Data provided:
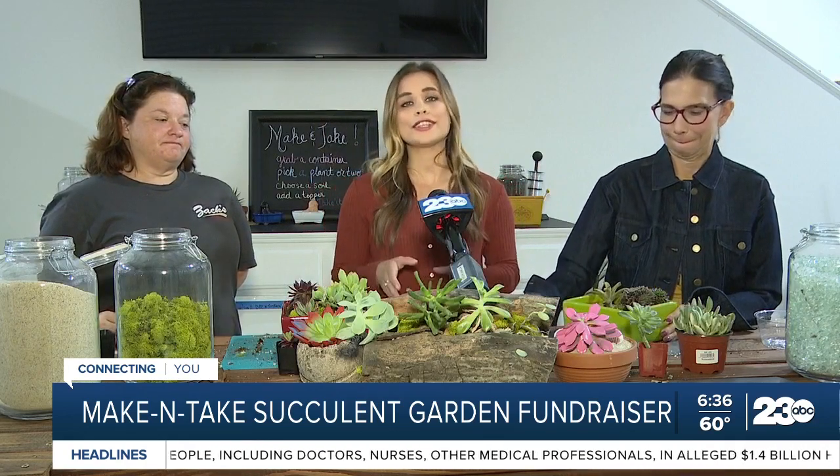Alright, definitely a fun event — definitely going to take home some fun gardens. If you're interested in taking part, there are still spots available. You can head to our website, turn to 23.com, and we'll have all the information there for how to RSVP. Live in East Bakersfield, I'm Veronica Morley, 23 ABC connecting you.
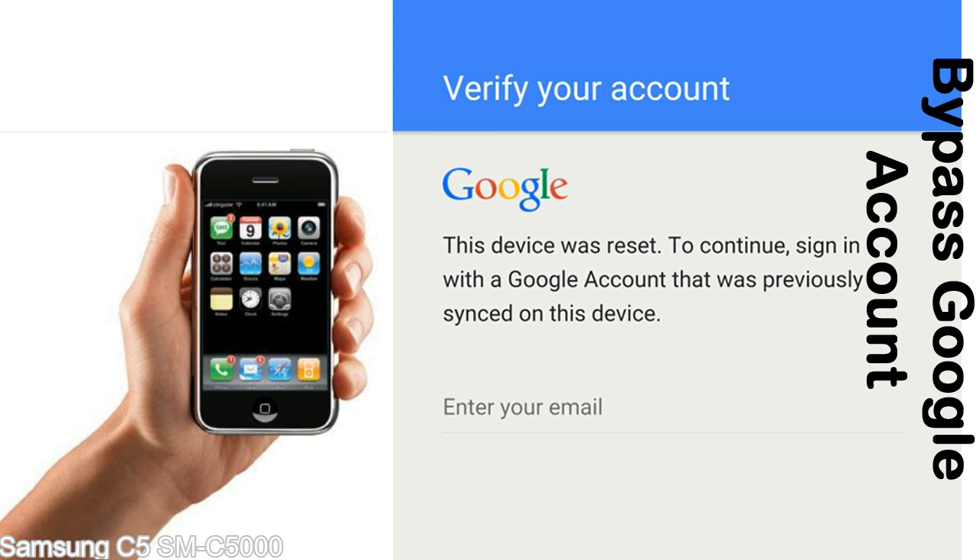This FRP lock is developed by Google, and we provide our FRP unlock solution for free. Today we are providing the methods to unlock FRP lock phones. You can use this solution for almost all FRP lock devices.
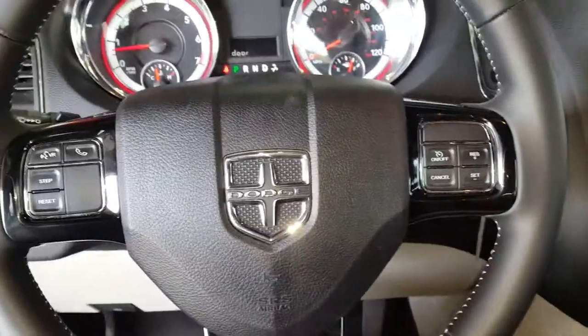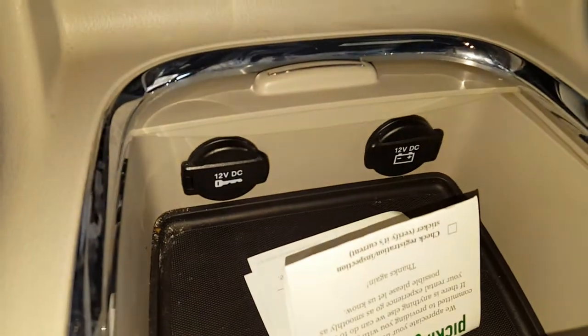What's going on guys? I'm in a 2017 Dodge Grand Caravan. I'm going to show you where the fuses are for the power outlets. They're actually under the hood.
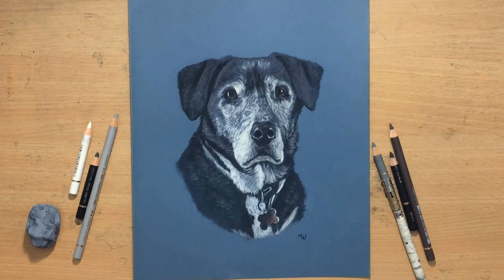Hello and welcome to my channel. I don't just draw portraits of people — sometimes I draw pets as well. I'm going to do a couple of portraits of dogs.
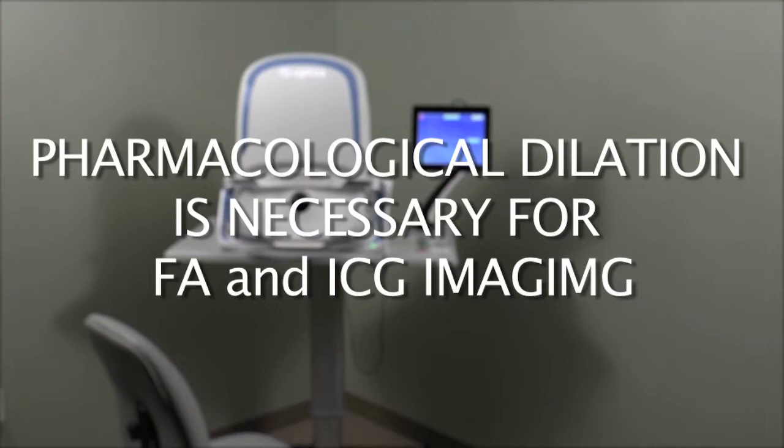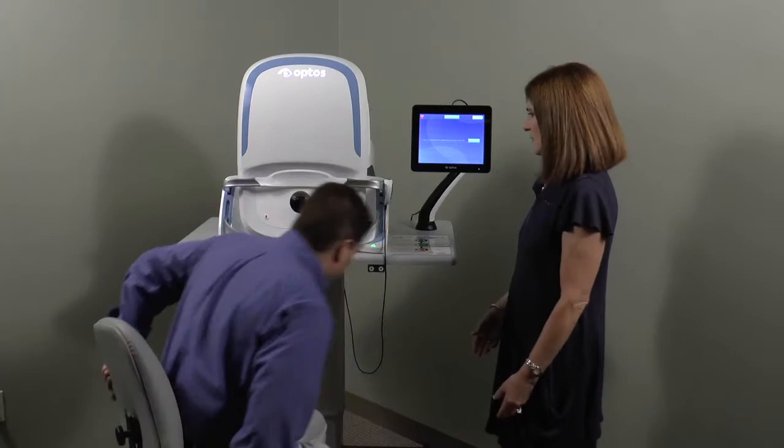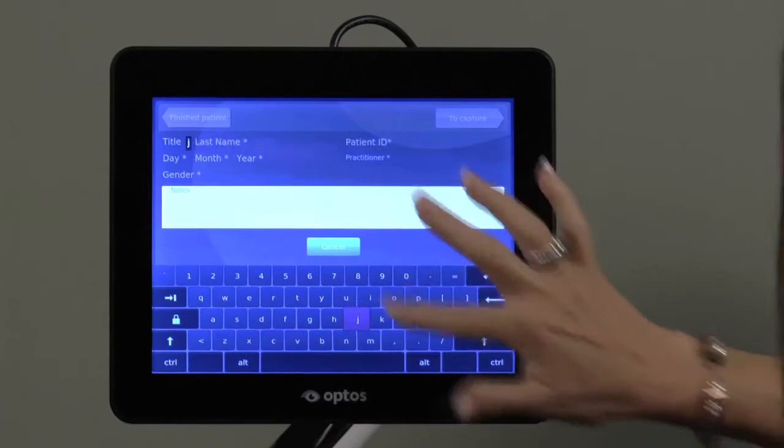You may enter any combination of the patient's last name, date of birth, or ID to access an existing record. If the record does not already exist, you can add a new patient by selecting the Add Patient tab and filling in the first and last name fields.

Instructions to follow: Your reply should give again exactly the lines from the one with "Hello and welcome" through the last line of the data, with both ends included and pictures left out.

Result for this exercise:
Hello and welcome to my channel. I don't just draw portraits of people — sometimes I draw pets as well. I'm going to do a couple of portraits of dogs.
You may enter any combination of the patient's last name, date of birth, or ID to access an existing record. If the record does not already exist, you can add a new patient by selecting the Add Patient tab and filling in the first and last name fields.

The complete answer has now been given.